INFORMATION SHOWN =
···

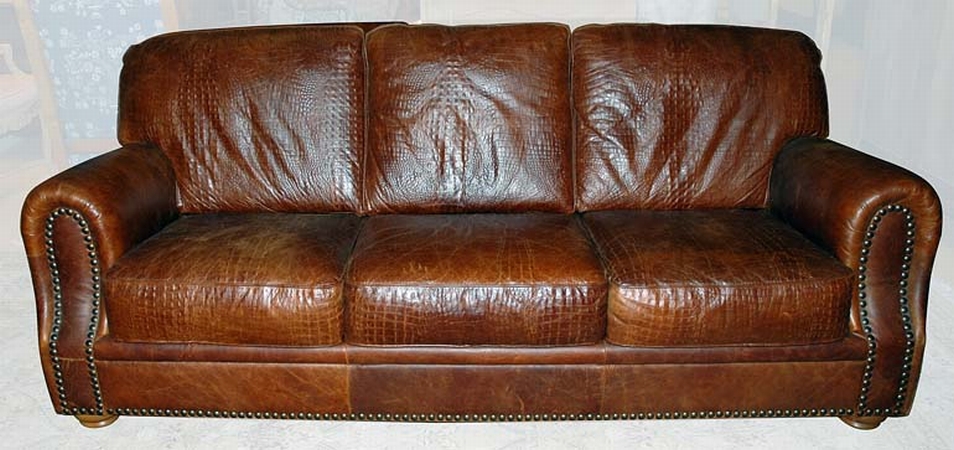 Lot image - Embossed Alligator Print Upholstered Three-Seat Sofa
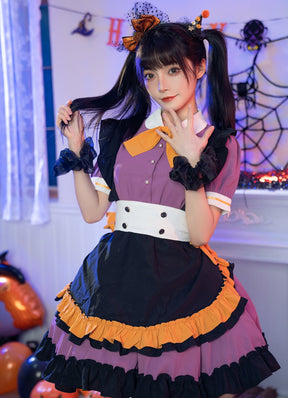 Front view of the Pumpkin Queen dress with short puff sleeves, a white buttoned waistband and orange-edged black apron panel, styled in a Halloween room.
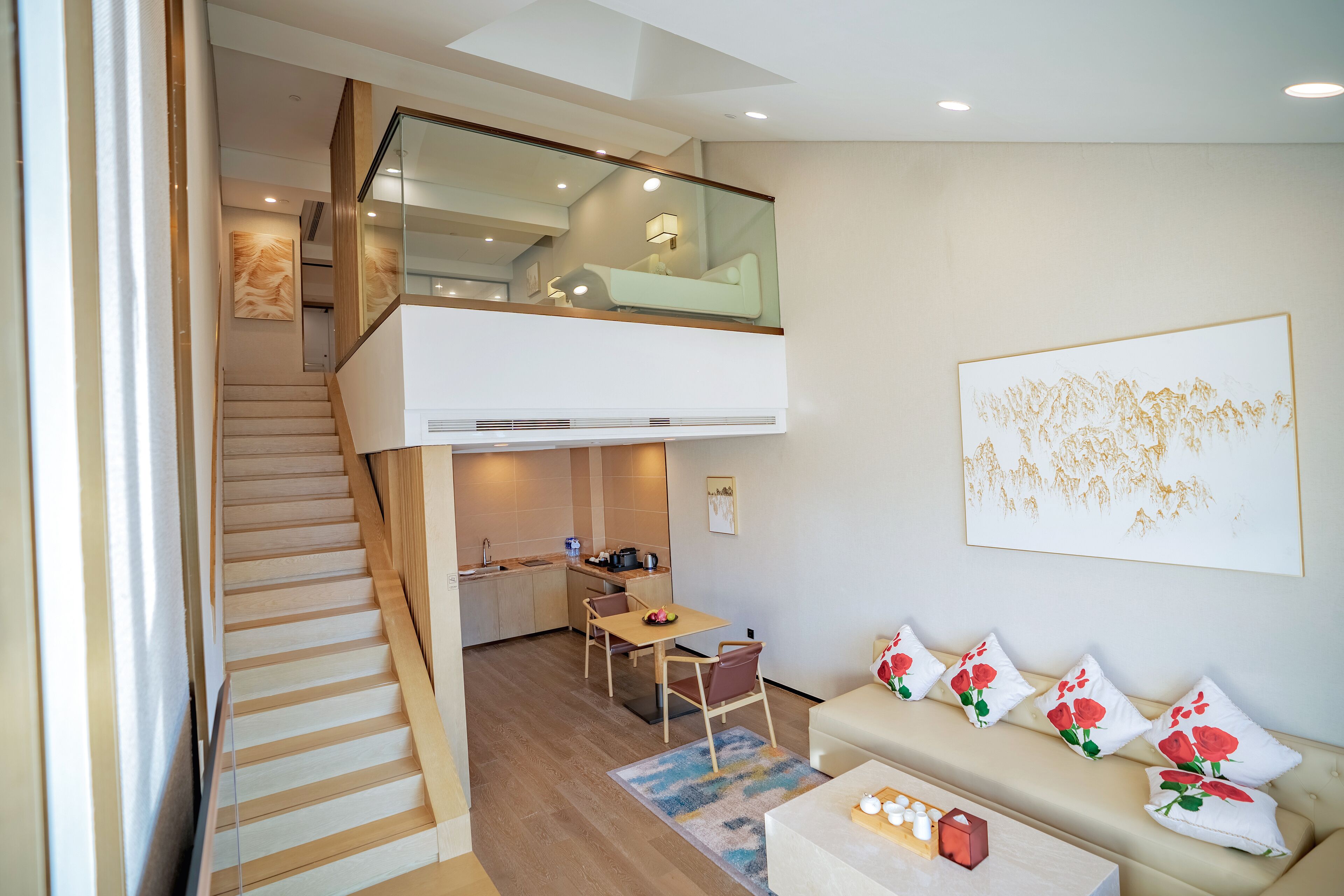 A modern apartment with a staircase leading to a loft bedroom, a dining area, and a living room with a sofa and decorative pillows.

···

DIRECTIONS =
Starting at the line that contains "Front view of", transcribe every line through the end of the listing exactly, including both end lines and excluding pictures.

TASK SOLUTION =
 Front view of the Pumpkin Queen dress with short puff sleeves, a white buttoned waistband and orange-edged black apron panel, styled in a Halloween room.
 A modern apartment with a staircase leading to a loft bedroom, a dining area, and a living room with a sofa and decorative pillows.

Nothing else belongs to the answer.